# [Exercise]
In the data that follows, count every line holding the string "cuisine" and give the count alone.

# [Records for this exercise]
-------
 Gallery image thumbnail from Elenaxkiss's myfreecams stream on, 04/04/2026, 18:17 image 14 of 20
-------
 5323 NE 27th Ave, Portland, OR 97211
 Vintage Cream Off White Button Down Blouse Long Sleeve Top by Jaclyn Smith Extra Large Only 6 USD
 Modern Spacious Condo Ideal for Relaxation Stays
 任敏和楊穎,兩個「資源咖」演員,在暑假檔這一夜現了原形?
-------
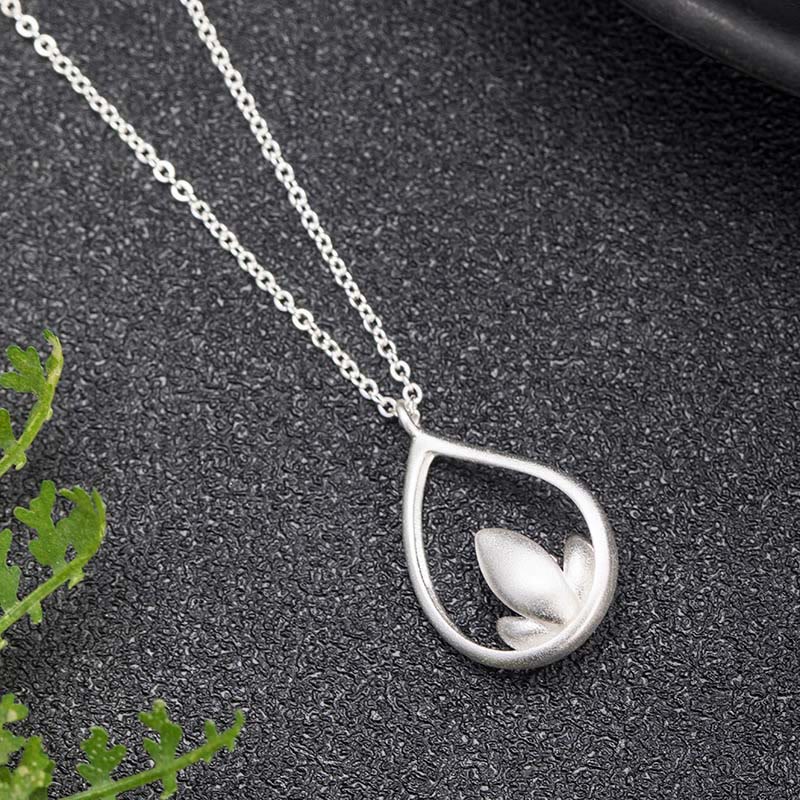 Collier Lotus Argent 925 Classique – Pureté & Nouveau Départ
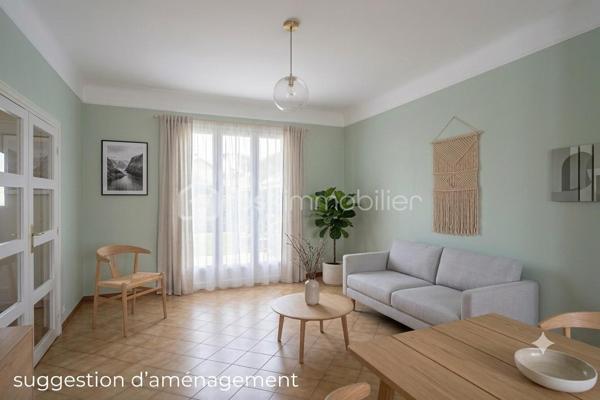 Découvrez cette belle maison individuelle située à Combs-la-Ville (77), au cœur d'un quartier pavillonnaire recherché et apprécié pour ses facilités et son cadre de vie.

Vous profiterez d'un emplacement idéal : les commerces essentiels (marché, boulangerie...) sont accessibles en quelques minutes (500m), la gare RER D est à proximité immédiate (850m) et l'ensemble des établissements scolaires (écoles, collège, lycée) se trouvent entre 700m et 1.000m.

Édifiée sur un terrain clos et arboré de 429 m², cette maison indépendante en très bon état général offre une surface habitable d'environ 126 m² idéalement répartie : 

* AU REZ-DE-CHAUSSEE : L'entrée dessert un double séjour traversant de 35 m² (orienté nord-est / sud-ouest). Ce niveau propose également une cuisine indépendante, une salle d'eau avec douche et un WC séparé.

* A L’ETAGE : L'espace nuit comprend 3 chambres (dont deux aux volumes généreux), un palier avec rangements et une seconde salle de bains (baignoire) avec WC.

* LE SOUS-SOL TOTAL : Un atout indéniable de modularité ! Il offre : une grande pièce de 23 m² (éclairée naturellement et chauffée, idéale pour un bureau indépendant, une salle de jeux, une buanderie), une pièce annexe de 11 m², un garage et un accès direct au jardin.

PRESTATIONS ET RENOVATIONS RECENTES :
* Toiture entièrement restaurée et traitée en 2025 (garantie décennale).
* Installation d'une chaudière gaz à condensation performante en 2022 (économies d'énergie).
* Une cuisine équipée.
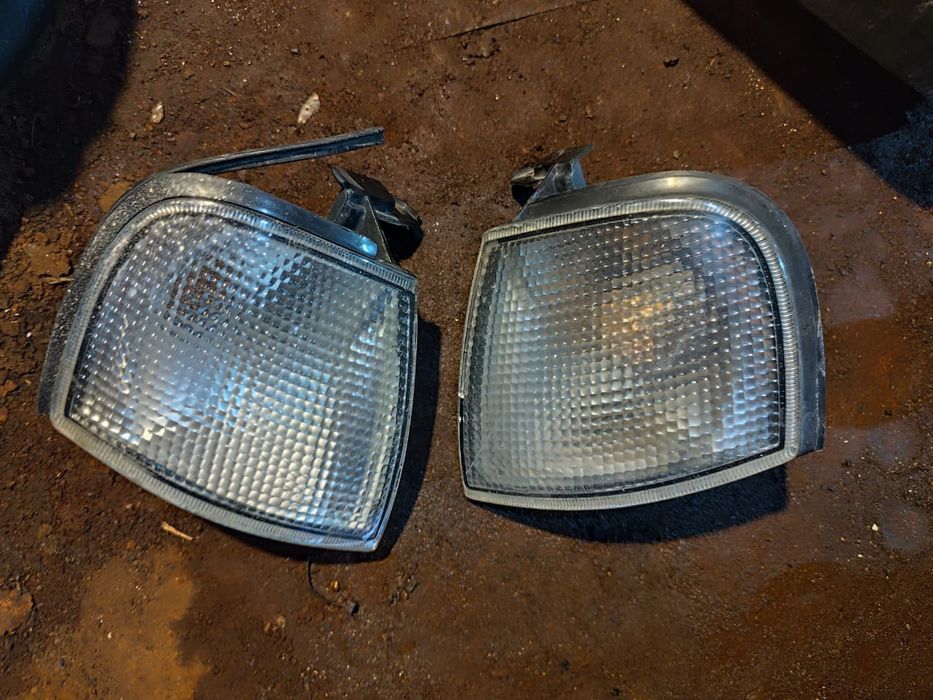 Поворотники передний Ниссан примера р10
-------
# [Response]
2